La bande de glace qui reliait la plaque Wilkins au bord de la péninsule Antarctique s'est rompue samedi, un exemple concret du réchauffement climatique.
David Vaughan, du British Antarctic Survey, confie à l'agence Reuters que "la façon dont la glace s'est brisée est stupéfiante. Voici deux jours encore, elle était intacte". "Cela faisait longtemps que nous attendions de voir ça" ajoute-t-il.
D'après les images satellites, le pont de glace de 40km de long qui reliait la plaque au continent s'est brisé dans son point le plus étroit. Ce pont de glace était en place depuis depuis des siècles. Quant à la plateforme de Wilkins, elle couvrait 16.000 km² il y a quelques années mais a perdu depuis un tiers de sa superficie.

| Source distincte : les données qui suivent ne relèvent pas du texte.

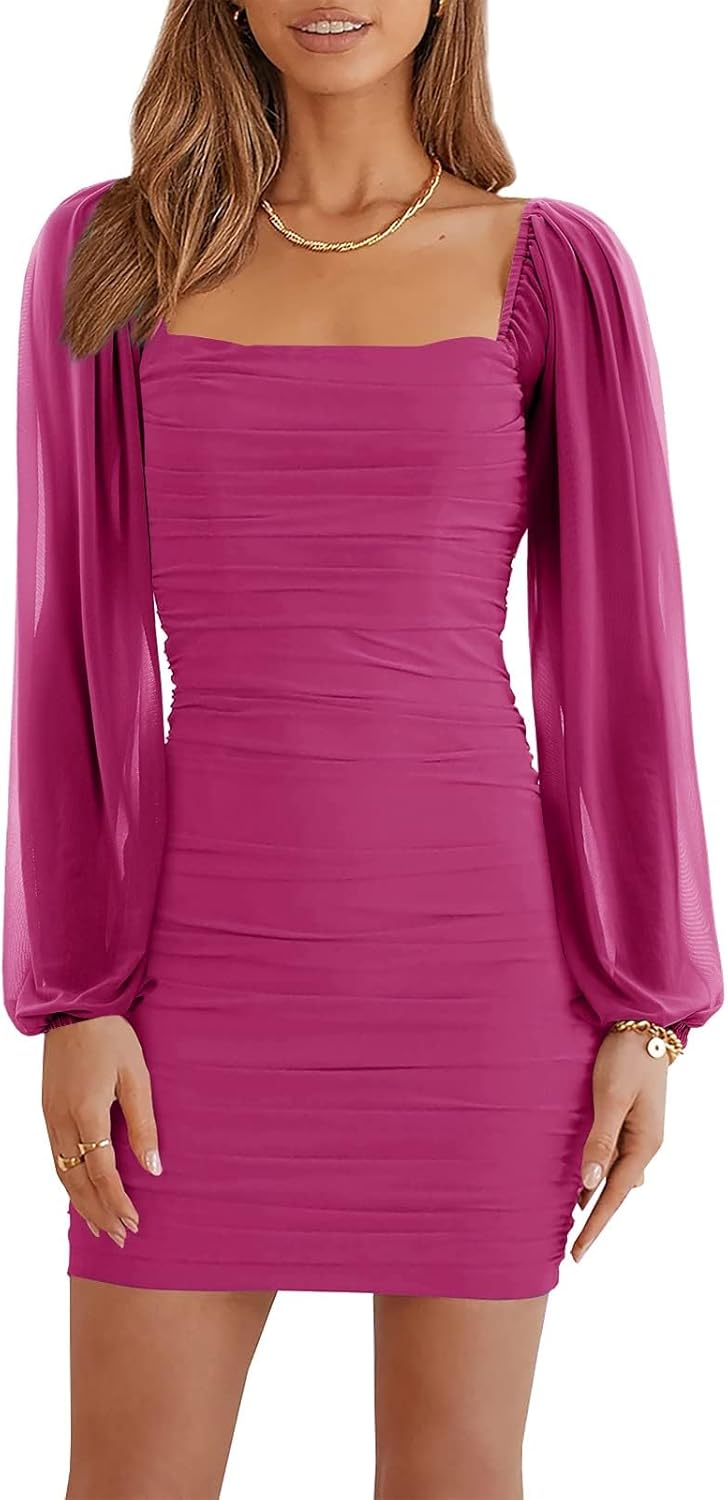 Ofenbuy Women's Mesh Long Sleeve Dress for Every Occasion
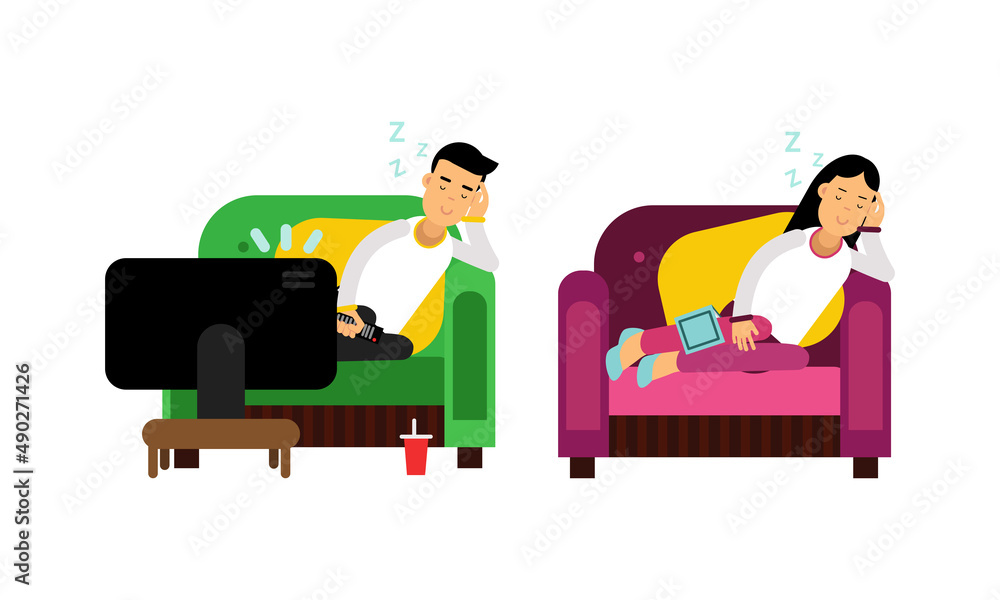 Sleeping people set. Man and woman napping while sitting in armchair cartoon vector illustration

Au total, depuis une cinquantaine d'années, ce sont 25.000 km² de plaques de glace ont été perdues, et l'évolution des contours de l'Antarctique est un signe les plus spectaculaires du réchauffement climatique en cours. Depuis les années 50, les températures ont augmenté en moyenne de 0,5°Celsius.
L'Antarctique ne se refroidit pas, au contraire
"Ce qu'on entend tout le temps, c'est que l'Antarctique se refroidit, or ce n'est pas le cas", explique Eric Steig, de l'Université de l'Etat de Washington, à Seattle, auteur principal de l'étude, publiée en janvier dans la revue Nature. Un refroidissement en certains endroits comme le pôle Sud et l'extension de la banquise d'hiver autour du continent masquent une tendance globale au réchauffement sur un continent plus grand que les Etats-Unis, où la moyenne des températures annuelles oscille autour de -50°.
Pour rappel, les conséquences du réchauffement dans cette zone ne sont pas négligeables. En effet, si la totalité des glaces de l'Antarctique fondait; le niveau moyen des mers du monde monterait de 57 mètres et menacerait alors fortement de grandes métropoles côtières.